**What the task requires**
Using the entries below, write out the line with "Patina leather high", the line with "Pavlograd, Ukraine. 01.", and every line in between, exactly as each is written.

**Supplied records**
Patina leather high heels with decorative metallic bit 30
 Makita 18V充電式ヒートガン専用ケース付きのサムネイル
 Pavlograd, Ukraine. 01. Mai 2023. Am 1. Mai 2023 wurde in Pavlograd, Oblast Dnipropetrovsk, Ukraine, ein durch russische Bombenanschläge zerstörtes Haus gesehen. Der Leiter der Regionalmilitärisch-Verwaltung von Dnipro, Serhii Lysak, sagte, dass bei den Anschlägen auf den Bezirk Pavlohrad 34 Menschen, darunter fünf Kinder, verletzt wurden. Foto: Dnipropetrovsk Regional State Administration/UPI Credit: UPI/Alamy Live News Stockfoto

---

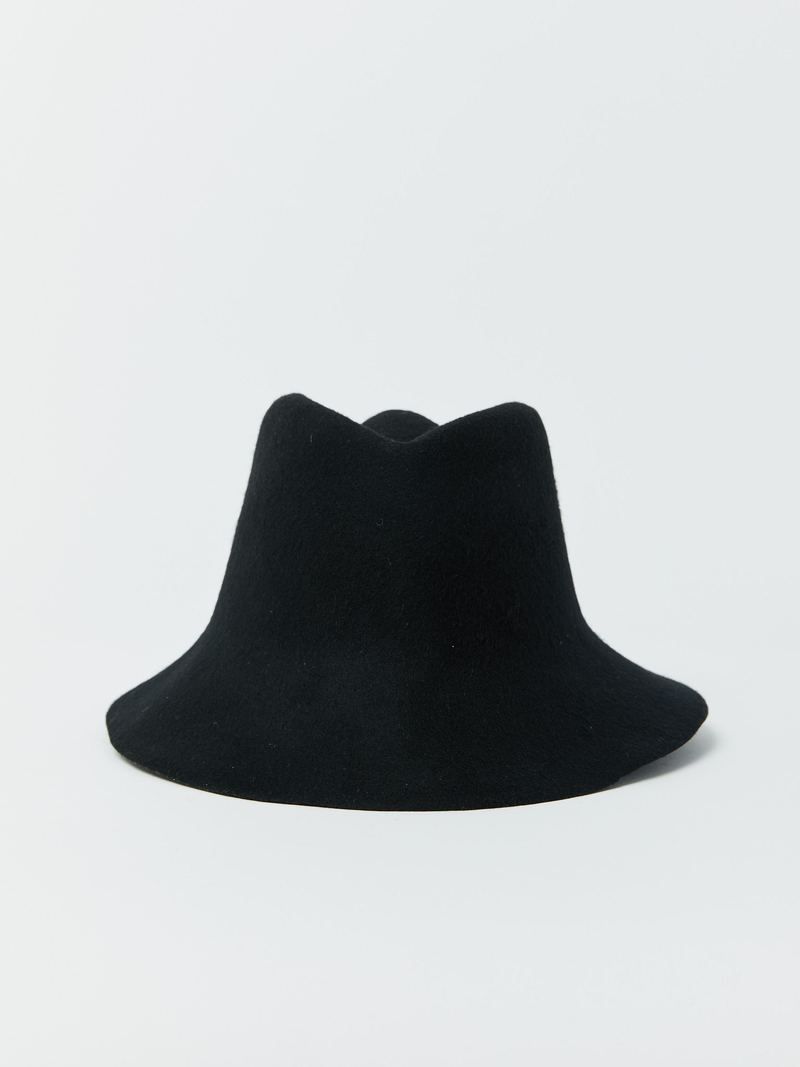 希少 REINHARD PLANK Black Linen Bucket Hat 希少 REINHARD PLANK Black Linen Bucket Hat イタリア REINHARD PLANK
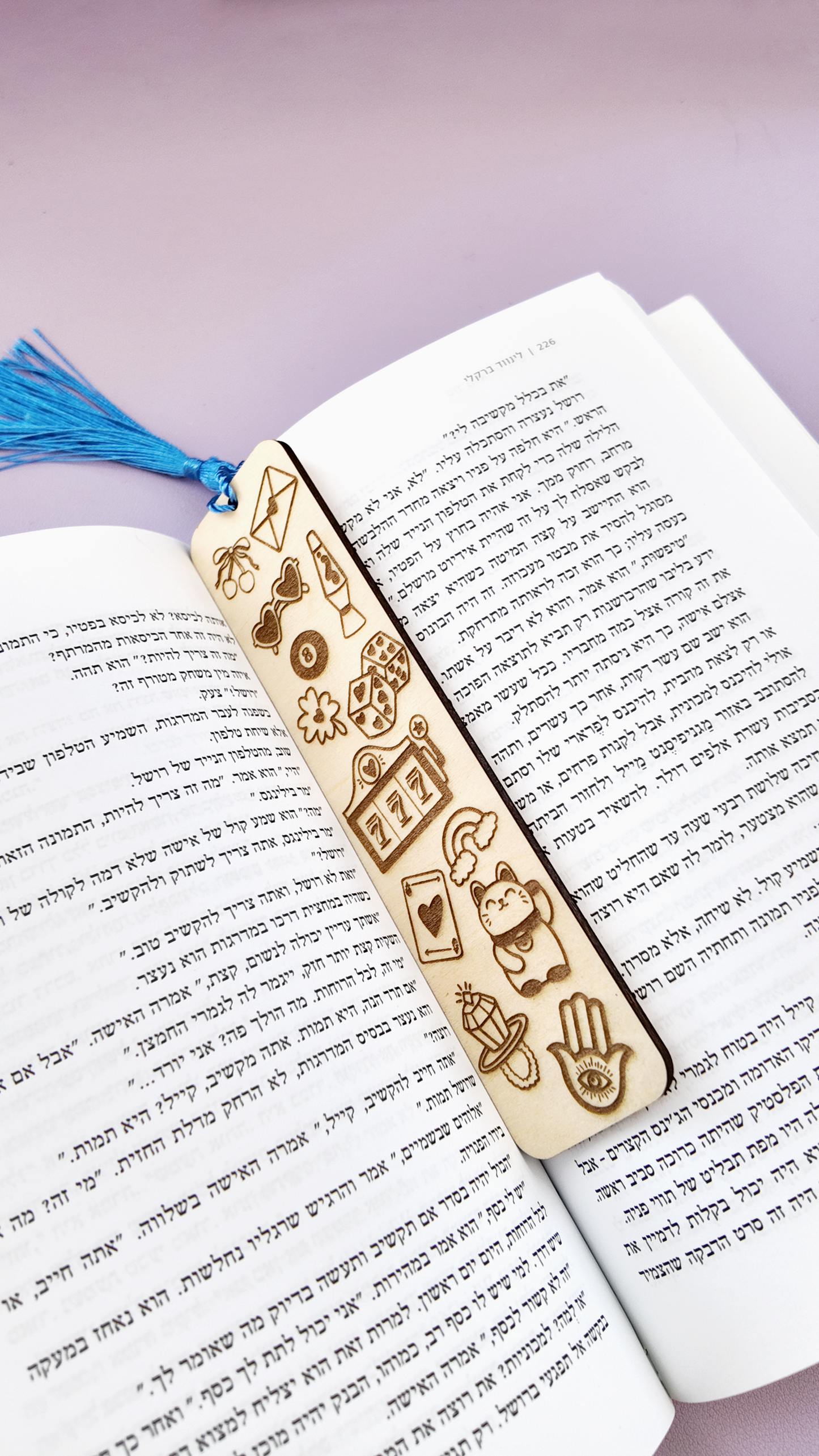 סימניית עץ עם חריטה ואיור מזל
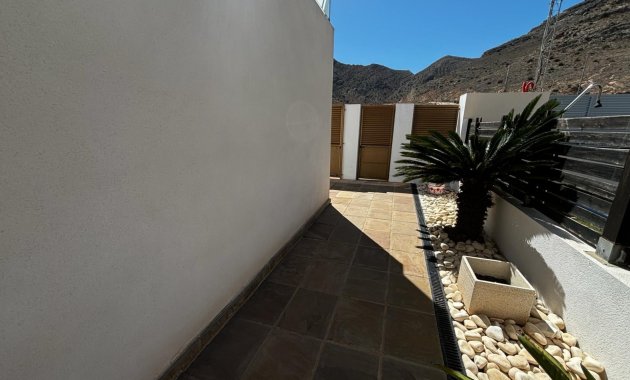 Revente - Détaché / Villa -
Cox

* * *

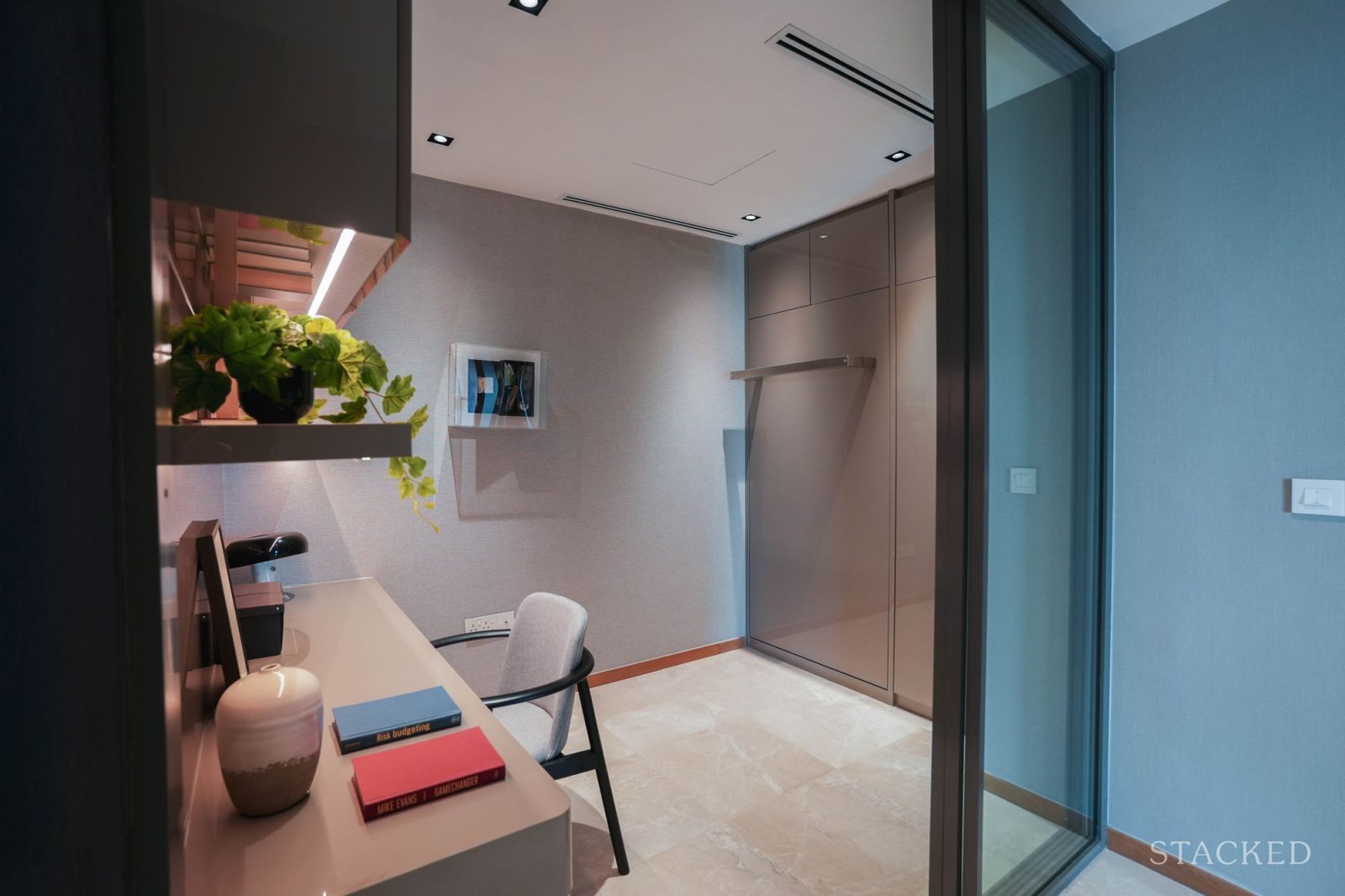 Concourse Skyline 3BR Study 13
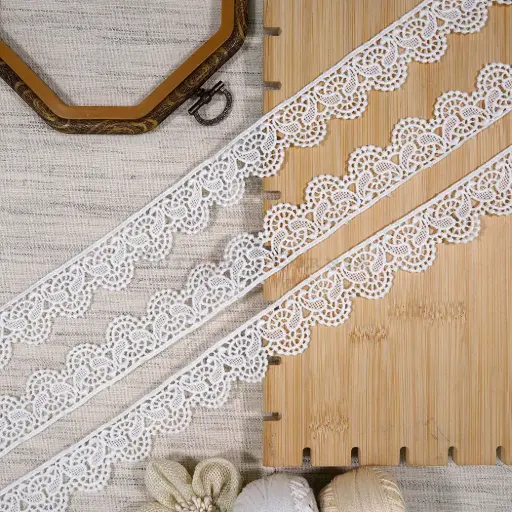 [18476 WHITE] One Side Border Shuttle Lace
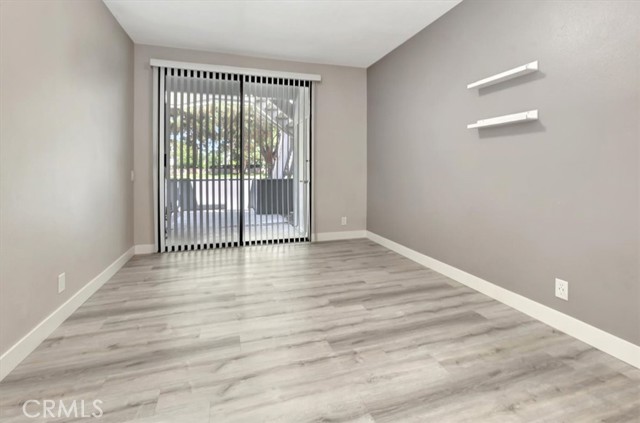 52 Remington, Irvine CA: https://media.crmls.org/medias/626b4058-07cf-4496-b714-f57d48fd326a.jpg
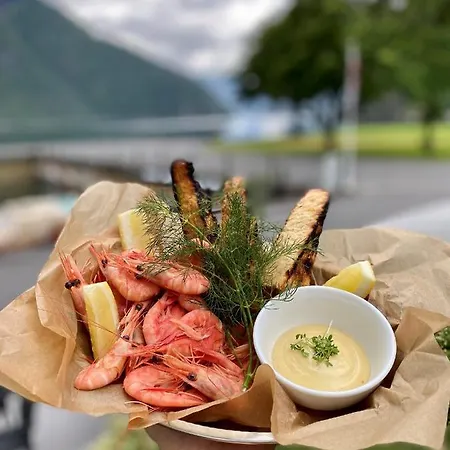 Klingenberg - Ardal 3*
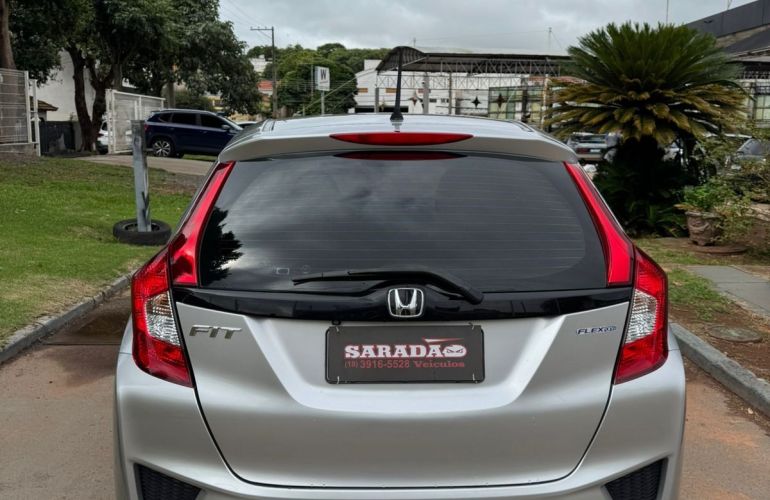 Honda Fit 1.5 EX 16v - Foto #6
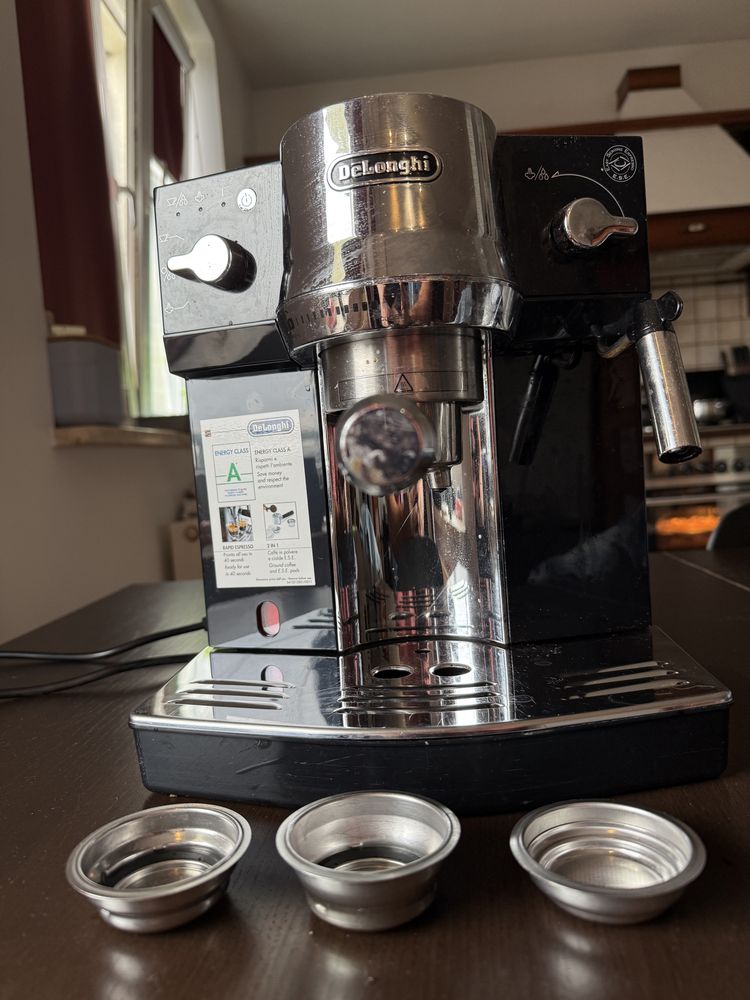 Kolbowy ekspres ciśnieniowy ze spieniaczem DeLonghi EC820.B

**Answer box**
Patina leather high heels with decorative metallic bit 30
 Makita 18V充電式ヒートガン専用ケース付きのサムネイル
 Pavlograd, Ukraine. 01. Mai 2023. Am 1. Mai 2023 wurde in Pavlograd, Oblast Dnipropetrovsk, Ukraine, ein durch russische Bombenanschläge zerstörtes Haus gesehen. Der Leiter der Regionalmilitärisch-Verwaltung von Dnipro, Serhii Lysak, sagte, dass bei den Anschlägen auf den Bezirk Pavlohrad 34 Menschen, darunter fünf Kinder, verletzt wurden. Foto: Dnipropetrovsk Regional State Administration/UPI Credit: UPI/Alamy Live News Stockfoto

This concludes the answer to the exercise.